Uniting Britain and Albania
Mission Against
Human Trafficking

MARY WARD LORETO is planting hope with a human rights approach to combating modern day slavery. This challenging mission is implemented through works of justice, education, grass roots action and systemic change.
The aim is to eradicate poverty, the prime cause for human trafficking.

What is the UN GIFT Box

The UN GIFT Box campaign is an anti-human trafficking campaign that uses public art to raise awareness about human trafficking and its victims. UN GIFT Boxes are large boxes (about 2 meters on a side and 2 meters tall). On the outside, the box looks like a present and includes phrases and ideas commonly used by traffickers to recruit victims. On the inside the walls of the box are decorated with the true stories of trafficking victims and information about how visitors can help combat human trafficking.

Campaign Background

The United Response Against Trafficking, (URAT),  network in Albania identified the UN GIFT Box as a potential project in December 2015. From January to June members of the network worked to get the GIFT Box funded and constructed. Construction of the GIFT Box was coordinated with Stop the Traffik in the United Kingdom. Stop the Traffik owns the rights to the GIFT Box and has the right to approve design and content decisions for all GIFT Boxes constructed around the world. URAT coordinated design, construction and content decisions with Stop the Traffik over the course of 6 months from January to June 2016. During this period, Stop the Traffik had all the required legal documents translated into Albanian so they could be signed by Mary Ward Loreto Foundation.

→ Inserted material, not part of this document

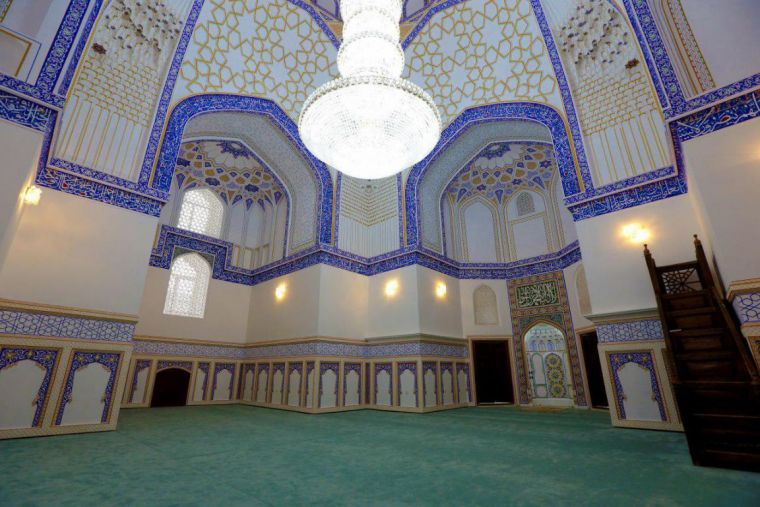 Sakinat, ixlos, taqvo va ilm mujassam madrasa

During this period, Mary Ward Loreto Foundation, as a member of the URAT Network raised money to cover construction costs and identified cities that could host the GIFT Box during summer and fall. Because of budget constraints only four cities (Durres, Saranda, Tirana, and Shkoder) were selected based on their strategic geographic location. Saranda and Durres have beautiful beaches and therefor they are tourist areas and hot spots for Human Trafficking, Tirana is the capital of Albania where half of the national population lives and Shkodra is one of the hot spots of Human Trafficking in Northern Albania known for traffickers as well as for victims. Once the cities and dates were identified URAT worked with the Ministry of the Interior and local authorities to identify locations where the box could be displayed, facilities that could be used for training, and the type of security that would be provided for the box.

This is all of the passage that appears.